## Statement of Research Interests

Yuxuan Zhang, University of Pennsylvania

As we have entered the Post-Moore Era where transistor size is reaching its limit, single-core performance can no longer be improved much. Although peripherals' performance and capacity have been dramatically increased and the concept of heterogeneous designs which allow the processor to offload part of its work to accelerators for speeding up program's execution have been proposed, the general purpose processor itself can still be a bottleneck for application's performance.

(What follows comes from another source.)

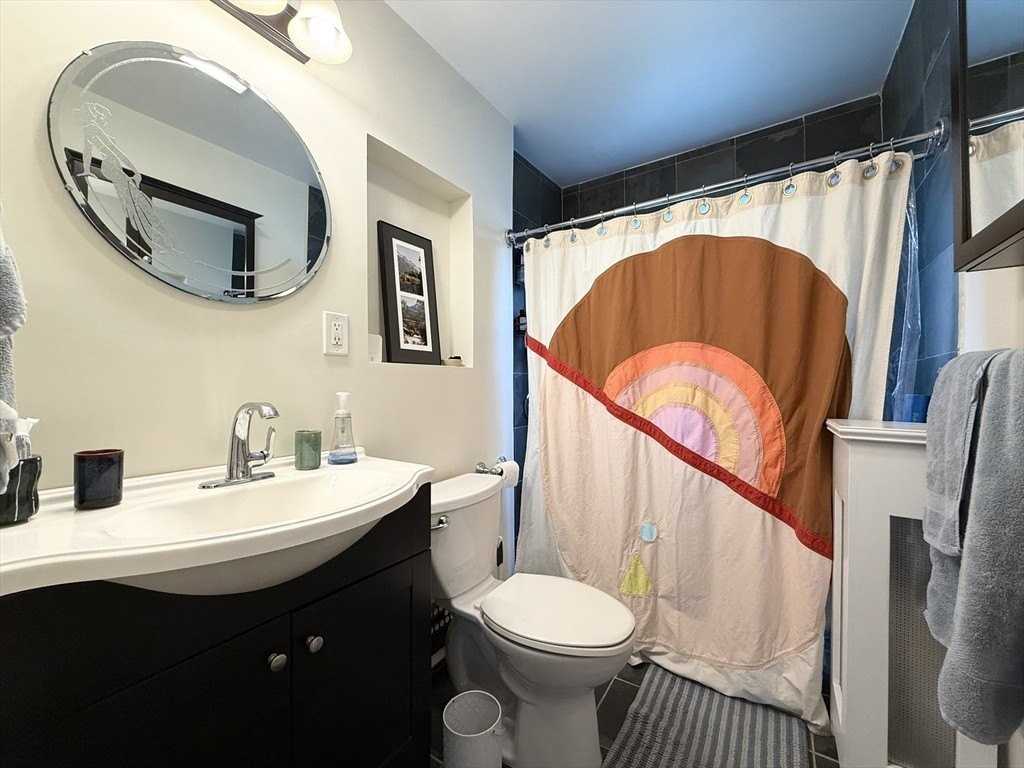 519 Belmont St #1 - Photo 7 of 16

To address the inefficiency caused by processors, especially cache bottlenecks that remain despite decades of hardware innovations, I build systems that leverage both hardware and software techniques to improve application's performance. In these systems, hardware *monitors* performance and provides feedback to software, then software *optimizes* based on the feedback reported from hardware while applications are running. My past research includes two projects: (1) Online COde Layout Optimizations (Ocolos) [6] [7] and (2) Robust Profile-Guided Runtime Prefetch Generation (RPG<sup>2</sup>). The former has shown it is feasible to apply profile-guided code layout optimization at runtime with low overhead. The latter shows that runtime optimization can also be applied to data cache prefetching if the code layout is carefully tuned to support on-stack replacement and continuous optimization. In this statement, I summarize my prior works, and detail my future research plans.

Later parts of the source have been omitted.